Data items
BEGIN

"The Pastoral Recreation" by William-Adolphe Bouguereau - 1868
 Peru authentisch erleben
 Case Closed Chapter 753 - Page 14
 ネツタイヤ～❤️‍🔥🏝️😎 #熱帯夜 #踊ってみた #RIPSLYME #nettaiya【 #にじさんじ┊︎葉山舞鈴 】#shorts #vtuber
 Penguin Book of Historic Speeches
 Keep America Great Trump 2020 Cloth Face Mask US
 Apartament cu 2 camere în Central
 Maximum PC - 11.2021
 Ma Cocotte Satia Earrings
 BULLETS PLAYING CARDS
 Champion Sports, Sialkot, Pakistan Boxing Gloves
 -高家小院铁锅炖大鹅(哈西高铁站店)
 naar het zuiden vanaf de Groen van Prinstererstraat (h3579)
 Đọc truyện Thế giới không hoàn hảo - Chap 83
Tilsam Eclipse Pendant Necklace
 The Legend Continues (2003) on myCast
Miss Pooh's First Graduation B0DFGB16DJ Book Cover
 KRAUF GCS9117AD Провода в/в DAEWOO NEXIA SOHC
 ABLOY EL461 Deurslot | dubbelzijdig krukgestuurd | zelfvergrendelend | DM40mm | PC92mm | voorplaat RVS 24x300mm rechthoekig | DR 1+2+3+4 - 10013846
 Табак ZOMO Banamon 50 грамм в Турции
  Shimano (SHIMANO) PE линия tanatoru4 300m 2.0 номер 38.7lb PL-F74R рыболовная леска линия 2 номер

END

What you are asked to do
Each line above that contains the word "Book" must be copied.

Solution to this exercise
 Penguin Book of Historic Speeches
Miss Pooh's First Graduation B0DFGB16DJ Book Cover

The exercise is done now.